Near the end of Michael Moore’s powerful Fahrenheit 9/11, the camera focuses on the faces of young U.S. servicemen and women, and Moore asks, “Will they ever trust us again?” He is referring, of course, to the false reasons that President Bush gave for sending them off to fight in Iraq. Moore’s film has become a surprise hit in Army and Marine camps in Iraq, where, one Marine corporal told the Christian Science Monitor, “Everyone’s watching it. It’s shaping a lot of people’s image of Bush.” That may be just one small indication of the growing discontent within the military over the administration’s disastrous policies in Iraq—policies that, as of this writing, have led to the deaths of 1,030 U.S. military personnel and thousands of Iraqi civilians (estimates range from 11,800 to more than 30,000).

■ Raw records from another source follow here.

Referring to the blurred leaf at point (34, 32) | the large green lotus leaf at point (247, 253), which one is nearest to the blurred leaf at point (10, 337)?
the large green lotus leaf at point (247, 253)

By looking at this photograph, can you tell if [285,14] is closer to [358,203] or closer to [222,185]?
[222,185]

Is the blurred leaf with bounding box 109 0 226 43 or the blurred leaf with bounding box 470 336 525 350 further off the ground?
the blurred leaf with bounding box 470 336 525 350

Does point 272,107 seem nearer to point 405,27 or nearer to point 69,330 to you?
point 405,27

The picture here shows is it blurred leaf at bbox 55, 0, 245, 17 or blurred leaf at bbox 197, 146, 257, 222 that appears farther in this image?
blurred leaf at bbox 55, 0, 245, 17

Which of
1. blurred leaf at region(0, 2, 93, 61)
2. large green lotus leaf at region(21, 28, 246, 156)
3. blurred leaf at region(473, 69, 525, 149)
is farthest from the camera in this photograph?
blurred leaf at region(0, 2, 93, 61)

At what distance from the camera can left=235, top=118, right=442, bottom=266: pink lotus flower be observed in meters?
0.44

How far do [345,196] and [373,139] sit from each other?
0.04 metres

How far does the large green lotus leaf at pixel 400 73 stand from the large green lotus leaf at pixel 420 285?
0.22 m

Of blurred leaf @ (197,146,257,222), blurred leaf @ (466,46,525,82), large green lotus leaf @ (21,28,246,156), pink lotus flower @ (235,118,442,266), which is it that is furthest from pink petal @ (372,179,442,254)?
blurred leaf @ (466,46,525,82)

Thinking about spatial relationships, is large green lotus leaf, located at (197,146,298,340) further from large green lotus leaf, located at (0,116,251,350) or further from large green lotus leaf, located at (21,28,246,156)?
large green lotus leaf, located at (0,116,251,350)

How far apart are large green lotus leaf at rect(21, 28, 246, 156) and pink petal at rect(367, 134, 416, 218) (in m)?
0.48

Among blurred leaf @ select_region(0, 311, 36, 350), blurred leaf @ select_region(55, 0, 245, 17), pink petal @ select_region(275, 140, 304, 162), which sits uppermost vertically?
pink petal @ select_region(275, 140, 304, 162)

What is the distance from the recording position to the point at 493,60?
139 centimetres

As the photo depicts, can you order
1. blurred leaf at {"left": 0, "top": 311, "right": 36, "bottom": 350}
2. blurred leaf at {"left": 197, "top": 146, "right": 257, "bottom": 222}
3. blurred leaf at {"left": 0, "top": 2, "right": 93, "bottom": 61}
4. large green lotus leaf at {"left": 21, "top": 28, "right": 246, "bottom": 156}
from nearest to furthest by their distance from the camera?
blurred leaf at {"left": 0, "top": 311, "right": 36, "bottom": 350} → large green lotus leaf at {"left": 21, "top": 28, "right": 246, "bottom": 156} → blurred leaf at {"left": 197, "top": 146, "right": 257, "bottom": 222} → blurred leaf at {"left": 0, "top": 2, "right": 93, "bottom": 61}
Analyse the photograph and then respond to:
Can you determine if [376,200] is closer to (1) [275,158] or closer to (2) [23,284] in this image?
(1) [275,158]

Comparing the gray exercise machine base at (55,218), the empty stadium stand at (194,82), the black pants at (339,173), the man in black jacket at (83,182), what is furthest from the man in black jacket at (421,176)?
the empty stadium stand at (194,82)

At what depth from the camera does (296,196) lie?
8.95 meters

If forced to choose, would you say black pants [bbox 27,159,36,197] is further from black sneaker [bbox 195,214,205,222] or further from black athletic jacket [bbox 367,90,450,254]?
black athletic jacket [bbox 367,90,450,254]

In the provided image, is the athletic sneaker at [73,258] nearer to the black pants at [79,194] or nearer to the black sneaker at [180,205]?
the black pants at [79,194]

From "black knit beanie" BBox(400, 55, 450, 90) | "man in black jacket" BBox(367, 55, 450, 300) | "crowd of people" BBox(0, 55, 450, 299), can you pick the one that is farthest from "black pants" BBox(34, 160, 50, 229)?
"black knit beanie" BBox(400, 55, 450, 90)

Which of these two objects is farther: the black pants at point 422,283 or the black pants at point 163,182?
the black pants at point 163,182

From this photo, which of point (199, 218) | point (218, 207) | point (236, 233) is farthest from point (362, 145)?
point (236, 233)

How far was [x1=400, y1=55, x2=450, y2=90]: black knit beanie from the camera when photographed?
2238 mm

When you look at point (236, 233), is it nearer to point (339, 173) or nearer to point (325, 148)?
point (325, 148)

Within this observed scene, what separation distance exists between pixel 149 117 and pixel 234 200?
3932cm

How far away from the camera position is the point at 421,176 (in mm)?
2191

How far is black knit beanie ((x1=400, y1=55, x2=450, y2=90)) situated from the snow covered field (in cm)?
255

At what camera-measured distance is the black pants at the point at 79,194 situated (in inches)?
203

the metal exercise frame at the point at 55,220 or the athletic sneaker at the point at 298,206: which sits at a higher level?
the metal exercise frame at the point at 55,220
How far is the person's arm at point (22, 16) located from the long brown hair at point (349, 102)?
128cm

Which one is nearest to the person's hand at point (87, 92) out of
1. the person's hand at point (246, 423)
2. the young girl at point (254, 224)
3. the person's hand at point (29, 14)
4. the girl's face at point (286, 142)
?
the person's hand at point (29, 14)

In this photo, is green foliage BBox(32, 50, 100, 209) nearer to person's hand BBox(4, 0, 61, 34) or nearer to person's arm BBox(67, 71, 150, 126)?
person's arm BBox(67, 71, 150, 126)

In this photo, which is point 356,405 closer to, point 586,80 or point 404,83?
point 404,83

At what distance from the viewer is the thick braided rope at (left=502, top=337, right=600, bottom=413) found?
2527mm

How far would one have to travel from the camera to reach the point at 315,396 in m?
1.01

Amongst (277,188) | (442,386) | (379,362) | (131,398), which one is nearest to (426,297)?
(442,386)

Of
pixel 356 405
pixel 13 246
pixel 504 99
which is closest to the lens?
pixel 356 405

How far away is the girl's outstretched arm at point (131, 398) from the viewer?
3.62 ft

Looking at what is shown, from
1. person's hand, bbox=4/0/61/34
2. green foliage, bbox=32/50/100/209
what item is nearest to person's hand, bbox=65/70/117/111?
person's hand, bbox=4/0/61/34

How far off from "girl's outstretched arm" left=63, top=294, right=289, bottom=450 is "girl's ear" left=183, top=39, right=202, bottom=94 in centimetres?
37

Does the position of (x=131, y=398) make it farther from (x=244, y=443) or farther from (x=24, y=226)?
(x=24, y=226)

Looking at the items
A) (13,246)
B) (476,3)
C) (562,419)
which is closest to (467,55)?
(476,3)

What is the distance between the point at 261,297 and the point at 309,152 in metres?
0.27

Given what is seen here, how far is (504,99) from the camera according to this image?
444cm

For his story in this issue (“Breaking Ranks,” page 48), writer David Goodman uncovered a phenomenon that has received scant attention in the press—U.S. soldiers and their families are becoming increasingly vocal about their opposition to this war and are beginning to organize against it. Iraq Veterans Against the War was formed in July, and its members helped lead the protest march at the Republican convention in New York; another antiwar group, Military Families Speak Out, now includes more than 1,700 families. The GI Rights Hotline, a counseling service, is receiving more than 3,000 calls a month from servicemen and women looking for a way out of the military, and some of the callers are soldiers who have served in Iraq and, because of what they experienced and saw there, are determined not to go back. One Iraq veteran now speaking out is Marine Staff Sergeant Jimmy Massey. His unit manned roadblocks, where the soldiers would raise their hands to stop vehicles, and their orders were to shoot anyone who failed to halt. Massey estimates his unit killed 30 civilians during one two-day period. Only later did he learn that to an Iraqi, a raised hand is a sign of hello.

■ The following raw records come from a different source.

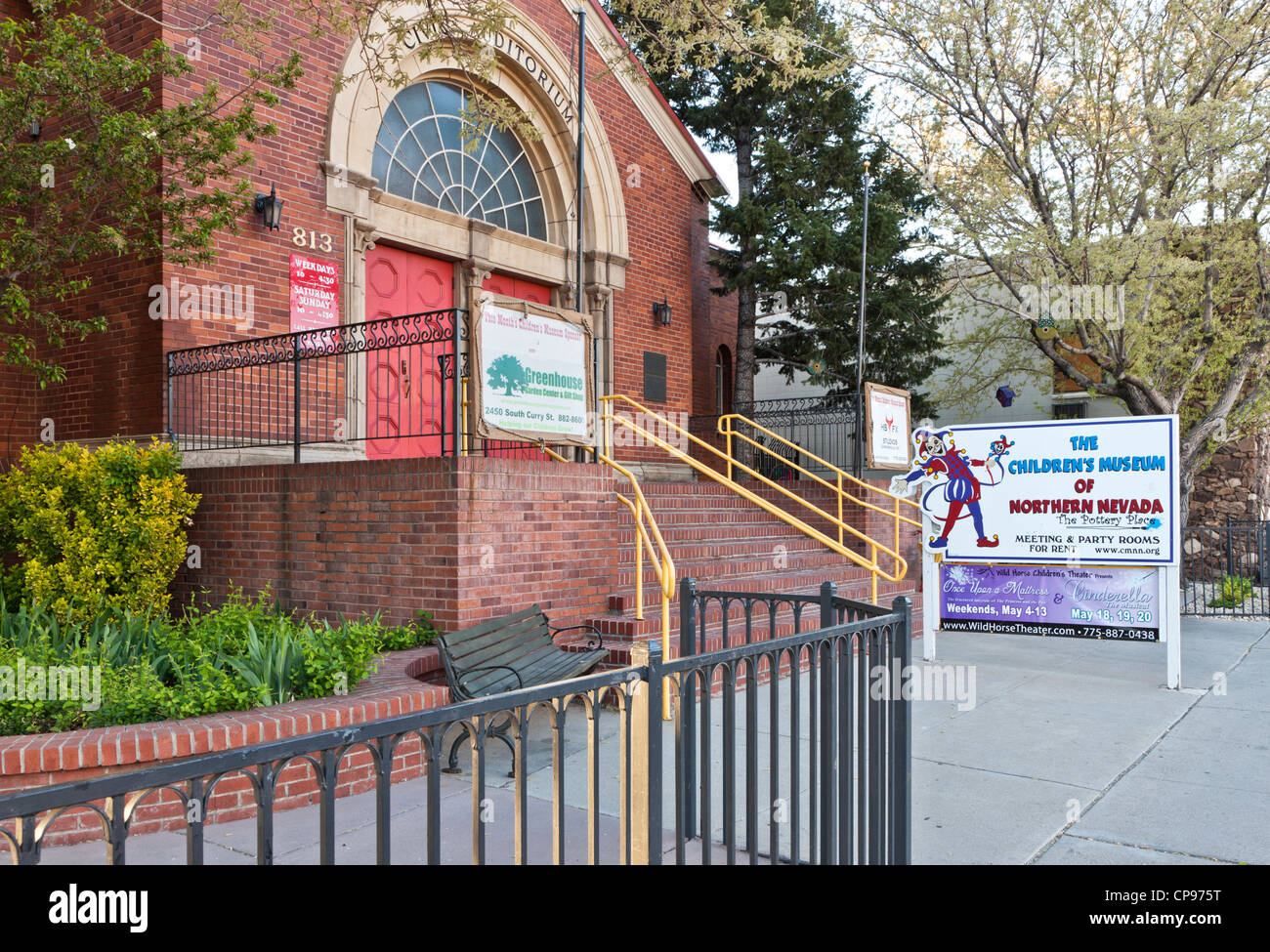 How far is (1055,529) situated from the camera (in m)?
8.39

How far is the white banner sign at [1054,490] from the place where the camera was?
7.97 meters

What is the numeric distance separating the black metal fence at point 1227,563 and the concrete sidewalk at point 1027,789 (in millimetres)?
8048

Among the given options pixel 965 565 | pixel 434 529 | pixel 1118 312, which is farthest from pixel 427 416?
pixel 1118 312

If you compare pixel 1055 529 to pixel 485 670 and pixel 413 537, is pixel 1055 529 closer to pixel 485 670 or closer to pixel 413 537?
pixel 485 670

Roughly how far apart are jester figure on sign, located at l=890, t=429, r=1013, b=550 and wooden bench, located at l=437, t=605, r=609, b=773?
3706mm

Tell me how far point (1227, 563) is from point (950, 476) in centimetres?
1169

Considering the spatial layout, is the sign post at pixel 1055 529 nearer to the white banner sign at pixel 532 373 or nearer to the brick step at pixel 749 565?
the brick step at pixel 749 565

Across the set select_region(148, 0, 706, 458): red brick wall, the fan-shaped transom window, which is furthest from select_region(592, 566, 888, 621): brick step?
the fan-shaped transom window

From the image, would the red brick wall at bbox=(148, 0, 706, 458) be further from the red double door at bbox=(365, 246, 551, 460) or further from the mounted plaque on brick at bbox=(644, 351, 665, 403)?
the red double door at bbox=(365, 246, 551, 460)

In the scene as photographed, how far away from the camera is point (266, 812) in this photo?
1744 mm

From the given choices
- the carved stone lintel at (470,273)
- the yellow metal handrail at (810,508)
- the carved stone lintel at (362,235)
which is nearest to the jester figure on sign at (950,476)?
the yellow metal handrail at (810,508)

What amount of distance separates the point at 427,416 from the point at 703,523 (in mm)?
3567

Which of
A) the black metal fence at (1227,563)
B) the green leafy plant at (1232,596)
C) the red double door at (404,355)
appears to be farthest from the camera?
the black metal fence at (1227,563)

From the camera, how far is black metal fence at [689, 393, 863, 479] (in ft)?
51.9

There has been no recent poll of military opinion about the war. But a Gallup Poll in 2003 found that 64 percent of the soldiers surveyed believed the situation in Iraq was not worth going to war over. That was only nine months after the U.S. invasion; clearly soldiers’ doubts about the war have increased dramatically since then. A poll of military families taken in Pennsylvania in August showed that 54 percent believed the war was the “wrong thing to do”—a higher percentage than in the overall population. Surely, this is the first war in my lifetime where antiwar sentiment is stronger in military families than in the public at large.
“This is a new generation,” Army Sergeant John Bruhns told Goodman, explaining criticism of the war within the military. “We have the Internet, discussion forums, cable news. Soldiers don’t just march into battle blindly anymore. They have a lot more information.” And that may be the only shred of good news to come out of the Iraq fiasco.